» **Problem statement**: Pictures are to be left out. Return exactly the lines below from the one with "New York Mets" up to and including the one with "man wearing tshirt".
• • • • • • •
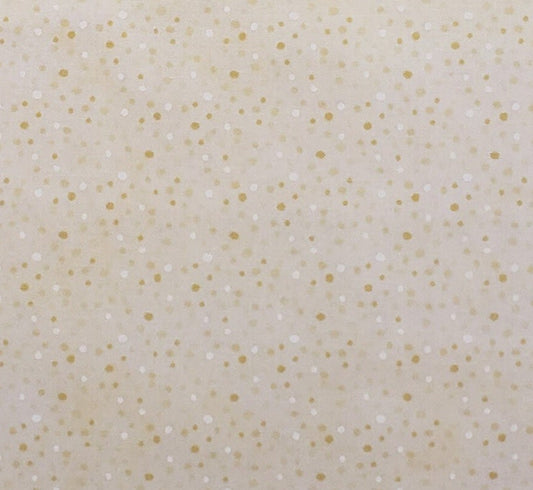 Wilmington Prints - Ivory Fabric / Gold and White Multi-Size Dots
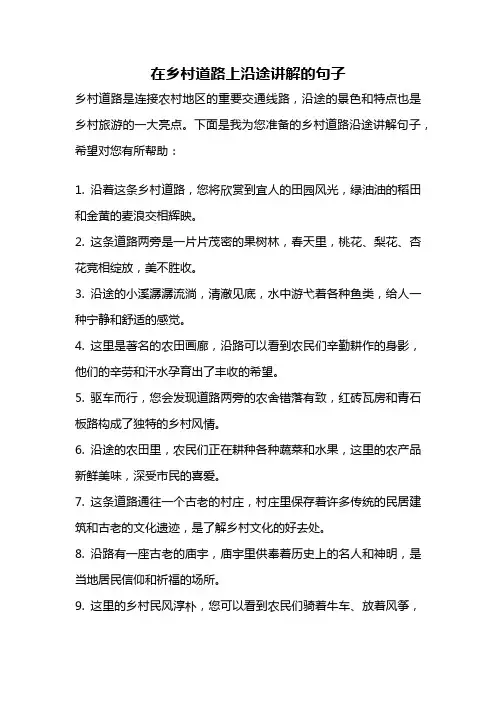 在乡村道路上沿途讲解的句子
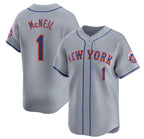 New York Mets #1 Jeff McNeil 2024 Gray Jereymy Away Limited Stitched Jersey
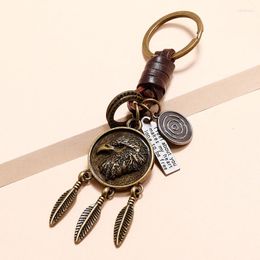 Keychains Handmade Cowhide Eagle Charms Key Chain Feather Tassels Ring Vintage Emo Grunge Punk Jewelry Creative Gifts Men WomenKeychains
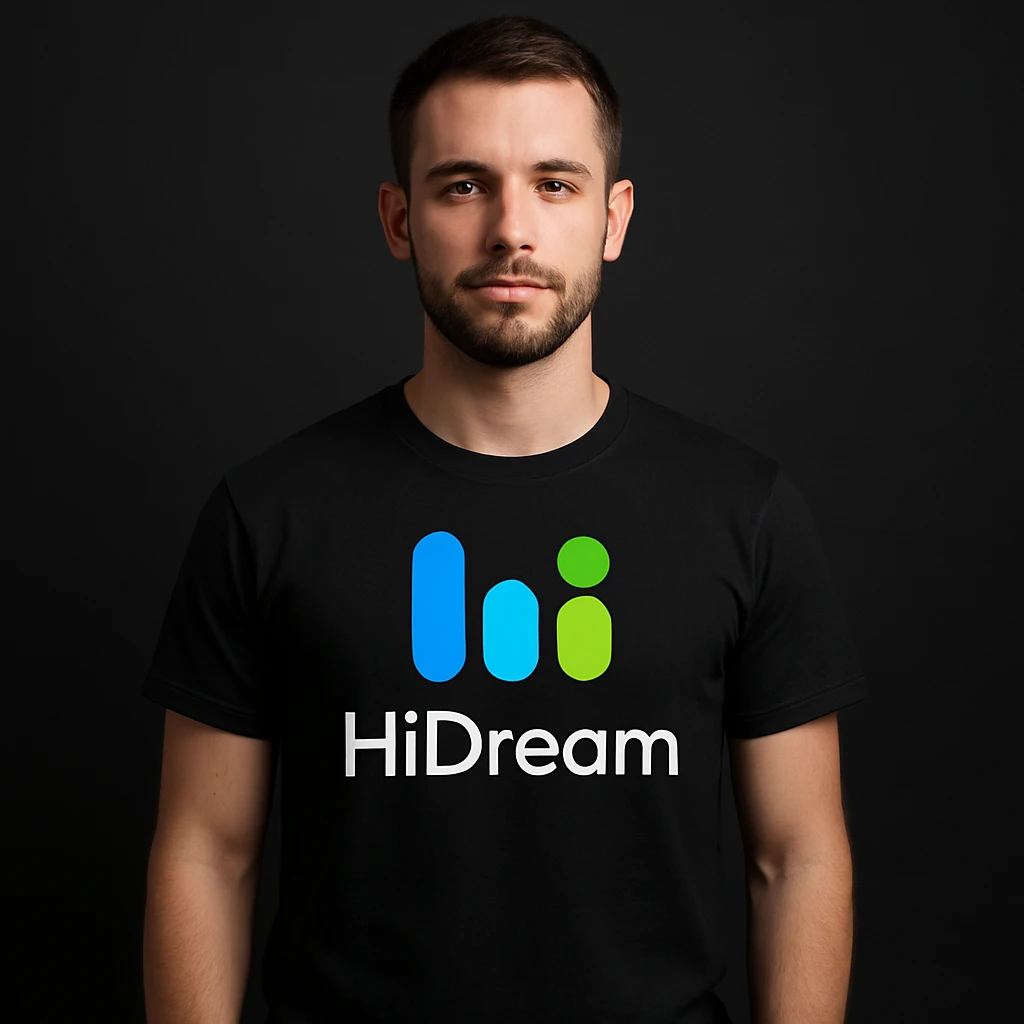 man wearing tshirt with this logo, dark background  emoji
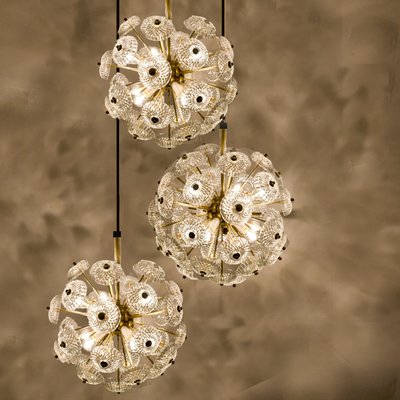 Cascade Brass and Glass Chandelier in the Manner of Emil Stejnar-VDW-910937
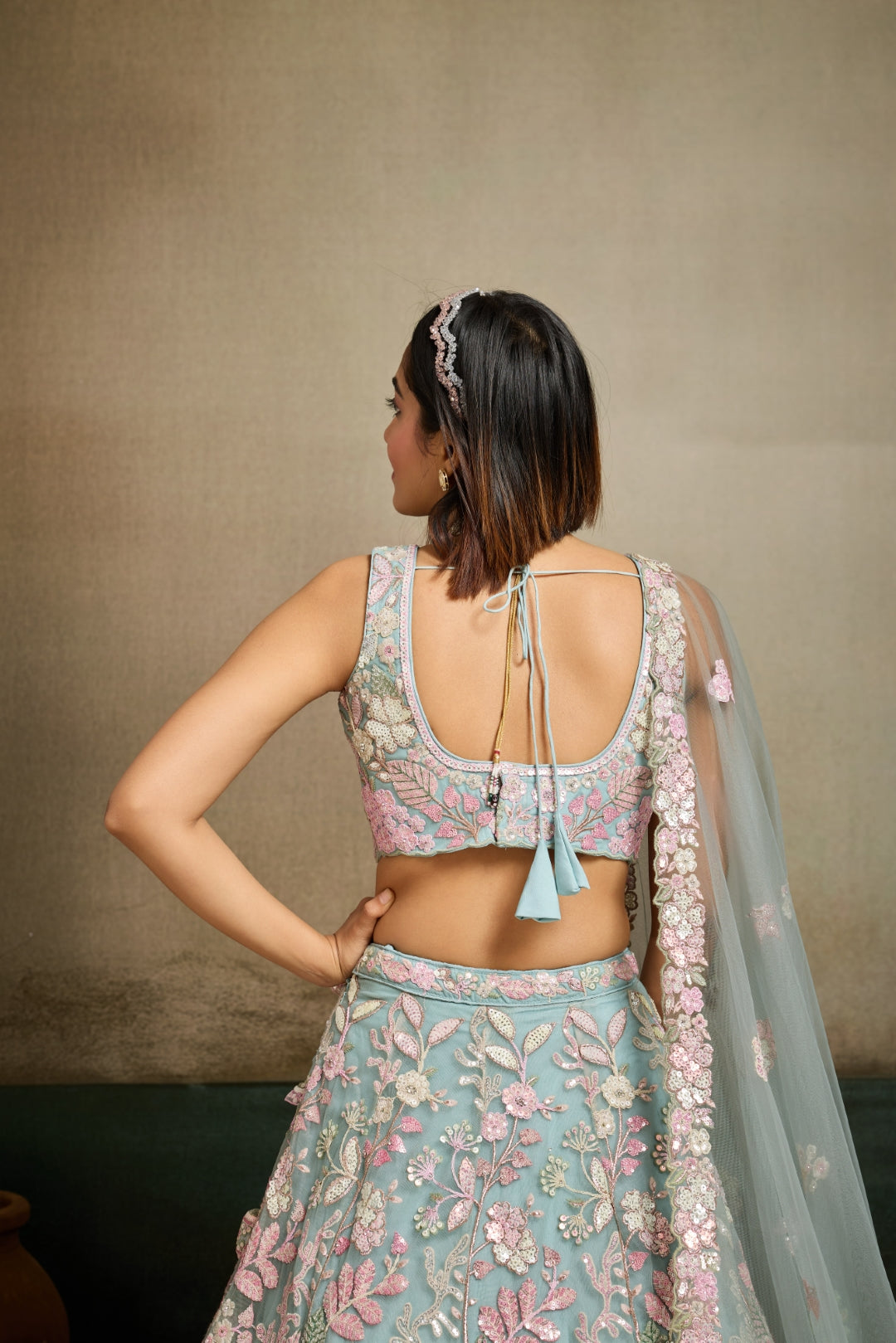Net Sequins Embroidered Semi-Stitched Lehenga & Unstitched Blouse With Dupatta Clothsvilla
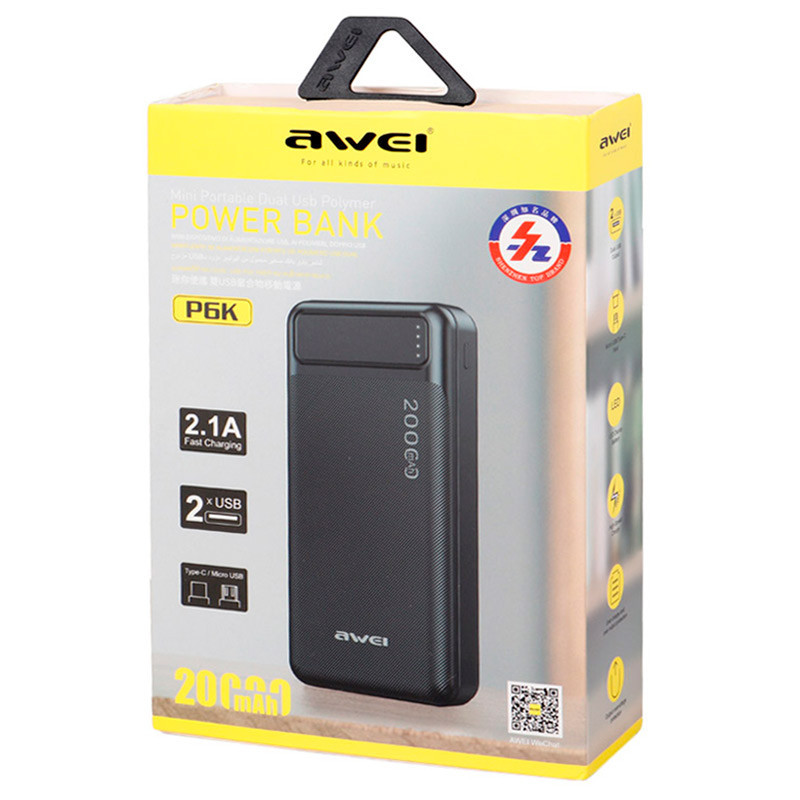 پاوربانک فست شارژ اوی P6K 10.5W ظرفیت 20000 میلی آمپر ساعت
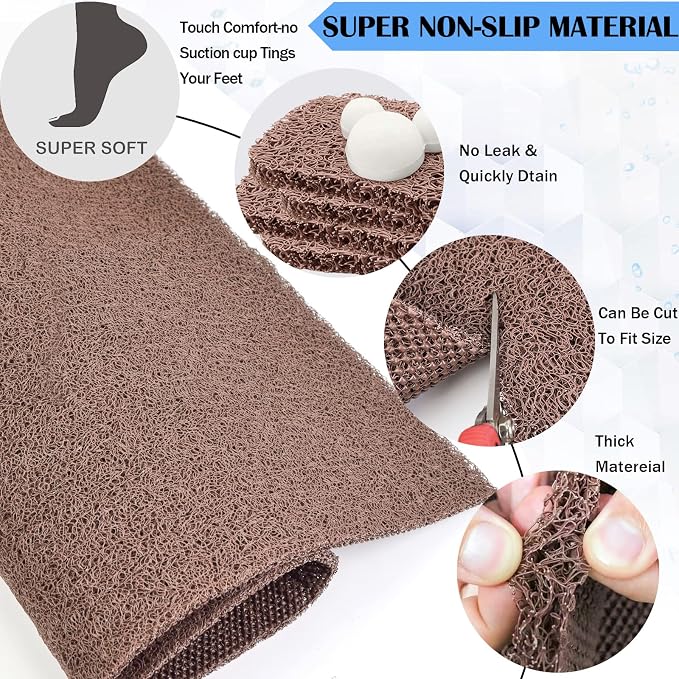 godehone Shower Mats Non Slip Without Suction Cups, PVC Loofah Bathroom Mats, Loofah Mats for Shower and Bathroom, Quick Drying, 23.6× 34.6 Inch, Brown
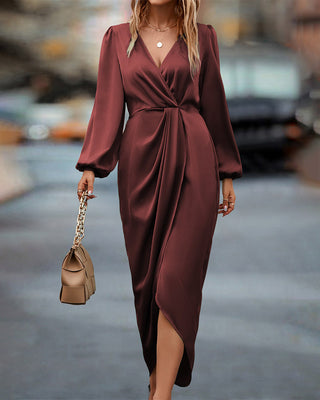 Women's Elegant Wrap Evening Dress Midi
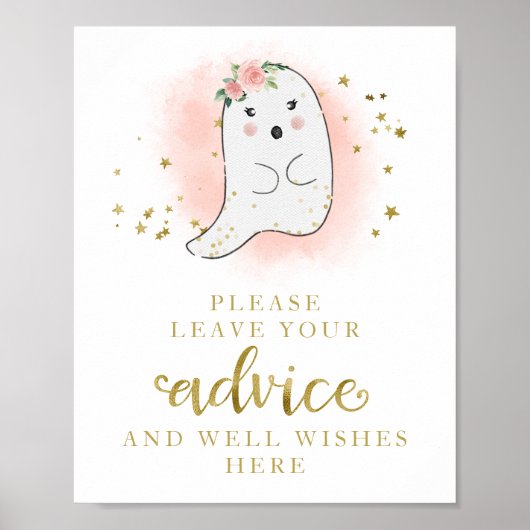 ハロウィーン幽霊ガールベビーシャワーアドバイスサイン ポスター (正面)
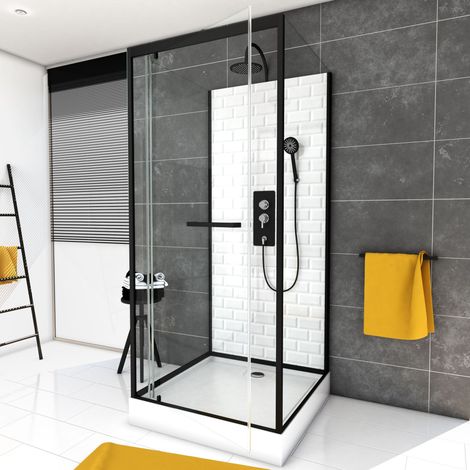 cabine de douche carrée 90x90x230cm à motif carreaux de métro - underground square 90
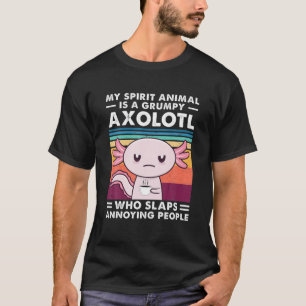 T-shirt Mon Animal D'Esprit Est Un Axolotl Grumeux Drôle A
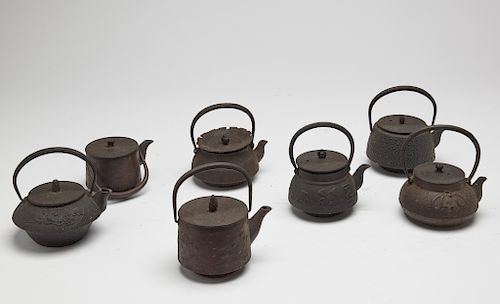 7 Old Japanese Iron Tea Pots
• • • • • • •
» **Output of the exercise**:
 New York Mets #1 Jeff McNeil 2024 Gray Jereymy Away Limited Stitched Jersey
 Keychains Handmade Cowhide Eagle Charms Key Chain Feather Tassels Ring Vintage Emo Grunge Punk Jewelry Creative Gifts Men WomenKeychains
 man wearing tshirt with this logo, dark background  emoji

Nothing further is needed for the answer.